- [Exercise objective]
With the first line below as the start and the line containing "Expert Faculty, Exceptional Results" as the end, copy every line between them exactly, ends included.

- [Information supplied]
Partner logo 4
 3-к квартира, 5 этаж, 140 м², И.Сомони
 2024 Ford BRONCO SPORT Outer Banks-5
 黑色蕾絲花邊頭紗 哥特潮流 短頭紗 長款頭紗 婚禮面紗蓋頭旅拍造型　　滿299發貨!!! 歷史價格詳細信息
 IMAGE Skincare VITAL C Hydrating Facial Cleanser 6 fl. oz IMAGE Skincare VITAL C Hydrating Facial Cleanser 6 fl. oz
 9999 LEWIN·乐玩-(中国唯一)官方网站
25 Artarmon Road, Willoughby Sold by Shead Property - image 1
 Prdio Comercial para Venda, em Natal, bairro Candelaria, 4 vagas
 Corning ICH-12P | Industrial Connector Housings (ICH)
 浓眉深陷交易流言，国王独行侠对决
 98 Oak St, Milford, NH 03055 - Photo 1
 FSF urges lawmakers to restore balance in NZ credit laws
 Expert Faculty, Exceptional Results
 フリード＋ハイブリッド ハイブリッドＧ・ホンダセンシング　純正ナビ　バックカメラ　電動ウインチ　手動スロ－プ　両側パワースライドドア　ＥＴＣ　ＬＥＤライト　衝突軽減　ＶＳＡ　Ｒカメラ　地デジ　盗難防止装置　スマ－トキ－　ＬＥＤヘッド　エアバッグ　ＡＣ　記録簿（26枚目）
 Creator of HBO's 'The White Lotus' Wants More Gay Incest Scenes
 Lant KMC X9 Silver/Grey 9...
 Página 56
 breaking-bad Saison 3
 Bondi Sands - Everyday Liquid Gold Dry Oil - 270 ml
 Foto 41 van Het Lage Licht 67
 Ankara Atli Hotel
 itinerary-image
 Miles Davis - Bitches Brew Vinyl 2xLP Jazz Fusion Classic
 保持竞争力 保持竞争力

- [Answer for the task]
Partner logo 4
 3-к квартира, 5 этаж, 140 м², И.Сомони
 2024 Ford BRONCO SPORT Outer Banks-5
 黑色蕾絲花邊頭紗 哥特潮流 短頭紗 長款頭紗 婚禮面紗蓋頭旅拍造型　　滿299發貨!!! 歷史價格詳細信息
 IMAGE Skincare VITAL C Hydrating Facial Cleanser 6 fl. oz IMAGE Skincare VITAL C Hydrating Facial Cleanser 6 fl. oz
 9999 LEWIN·乐玩-(中国唯一)官方网站
25 Artarmon Road, Willoughby Sold by Shead Property - image 1
 Prdio Comercial para Venda, em Natal, bairro Candelaria, 4 vagas
 Corning ICH-12P | Industrial Connector Housings (ICH)
 浓眉深陷交易流言，国王独行侠对决
 98 Oak St, Milford, NH 03055 - Photo 1
 FSF urges lawmakers to restore balance in NZ credit laws
 Expert Faculty, Exceptional Results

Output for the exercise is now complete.